The detailed imagery mimics the Frescos seen around the gorgeous locations featured in the show, but that’s not a coincidence. As Bashore shares, “there was a particular villa with an artwork style in it that Katrina went to and shot those images. In almost every case, we’ve manipulated those images, either erasing characters or adding new ones, and then some imagery is entirely new.”
One piece of imagery that the duo had always planned to include was Leda and the Swan. “We had the original famous ‘Leda and the Swan’ painting in our rough cut for months. It just felt right because it’s about passion, and there’s a lot of nature in this show. Mike White said ‘I love the Leda.’ And so we engineered that back in,” Bashore says of including the mythology figures into the credits’ paintings.
Crawford points out that both Season 1 and Season 2 credit sequences are “actually referencing two poems in a way.” As she further explains, “you have [Tennyson’s] The Lotos-Eaters poem, and then there’s the very famous poem by Yeats about Leda and the Swan, with Zeus coming down as this swan, and there are swans at the villa that live in the pond. So there are these swirling connections.”
“There are some things that only make sense once you’ve seen them in the show,” Crawford adds, so after tuning into the show each week, viewers will have a clearer image of The White Lotus characters. Part of that symbolism is in the imagery of animals as Bashore points out, “animals are a really big throughline” when it comes to watching out for clues. “Nothing is in there by mistake,” Bashore continues. “So whether it’s a lamb sitting alone in a field, fighting birds, a boar hunt, or monkeys, the animals are doing a lot of the work to talk about people in a way that even a dog lifting its leg says more than you could with an image of a person.”

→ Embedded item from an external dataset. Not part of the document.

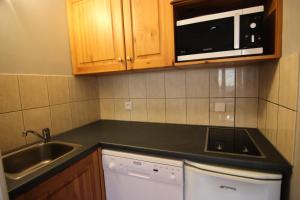 Résidence Olympic - VAL THORENS 2 PIECES 4 PERSONNES FACE AU SUD ET AUX PISTES MAE-8744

For instance, the bird nipping at another’s wings in Aubrey Plaza‘s slide could be seen as a reflection of Harper’s dynamics with her husband Ethan (Will Sharpe), or the peeing dog on Theo James‘ slide may represent his character Cameron being territorial or competitive (anyone for a “pissing contest”?)
Make what you will of these clues, but there’s certainly a lot to unpack in the dense credit sequence, which features a reworked theme song with familiar tones from Season 1. That also influenced the direction Crawford and Bashore took; as the latter says, “the music has a journey which really helped us create a visual journey to match.”